It would need to be tested, but Velvet is actually easier to eliminate than Ich. It's just a lot more virulent to the fish.
What if the water the heater is heating (water in the glass tank) is freshwater? Then you only put saltwater in the copper box.

I wonder how long until the copper box begins to rust?? :unsure:

Also, how expensive would it be to build? I wonder how much copper leaches into the water during treatment.
Copper-nickel alloys were originally designed for use in seawater due to their great corrosion resistance. As long as it's even surface corrosion without too much pitting it can be sanded back to clean metal. Maybe a bowl would be better if you're going to keep it and use it over and over since you wouldn't have corners to deal with when it starts to corrode. Also I'm seeing that bowls are more readily available than boxes. I've got a TIG welder so I could easily whip up some boxes but that's not an option for most people.
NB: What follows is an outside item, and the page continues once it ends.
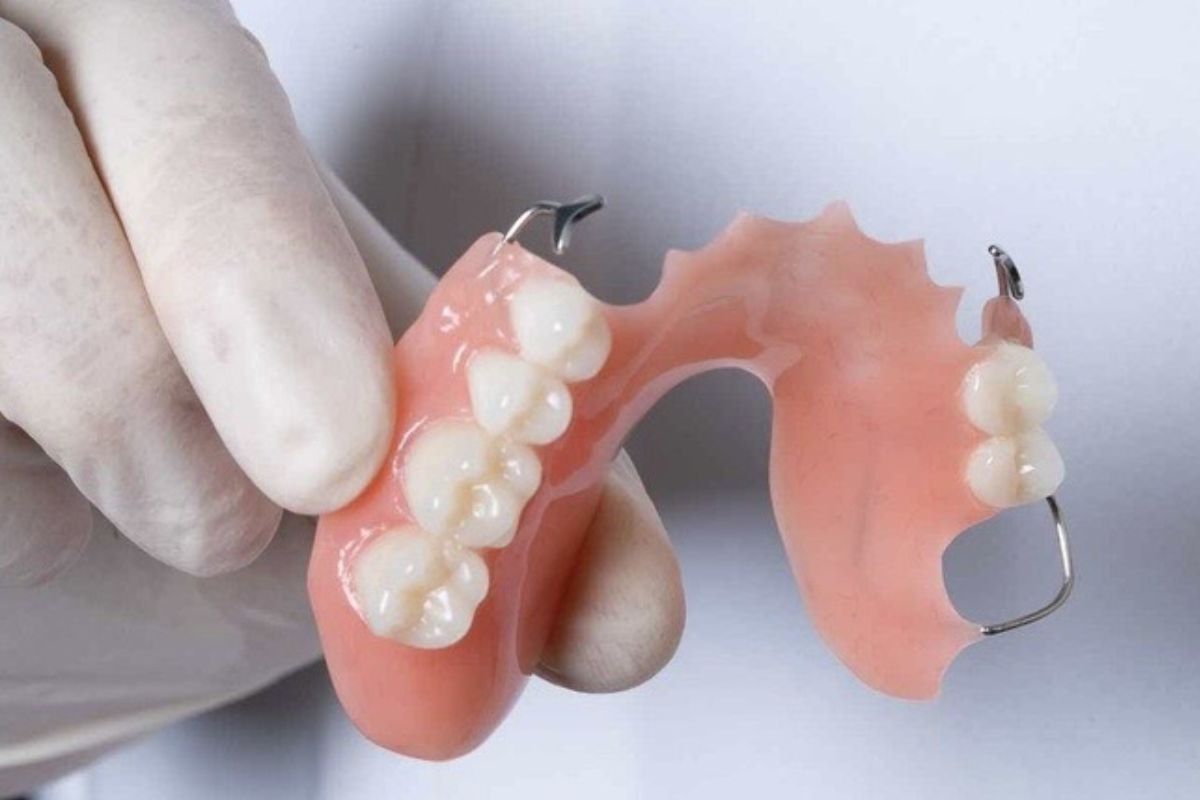 phương pháp hàm giả tháo lắp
Some info below on how corrosion resistance works with copper-nickel alloys:

"The seawater corrosion resistance offered by copper-nickel alloys results from the formation of a thin, adherent, protective surface film which forms naturally and quickly upon exposure to clean seawater. The film is complex and predominantly comprises of cuprous oxide, often containing nickel and iron oxide, cuprous hydroxychloride and cupric oxide (2,3). The film can be brown, greenish brown or brownish black.

Initial exposure to clean seawater is crucial to the long-term performance of copper-nickel. The initial film forms fairly quickly over the first couple of days but takes 2-3 months to fully mature(4). Figure 1 shows the rate of film formation on 90-10 copper nickel in seawater at 16°C measured by copper in the effluent of a condenser over a 3-month period after start up. Copper content was found to decrease to one tenth in ten minutes and one hundredth in an hour. After three months, the copper in the effluent was virtually the same level as that of the intake water. Indirectly, this shows that the maturity of the protective film reduced the corrosion rate of the condenser surface.

csw1

FIGURE 1. Formation rate of corrosion product film on Alloy C70600 in seawater.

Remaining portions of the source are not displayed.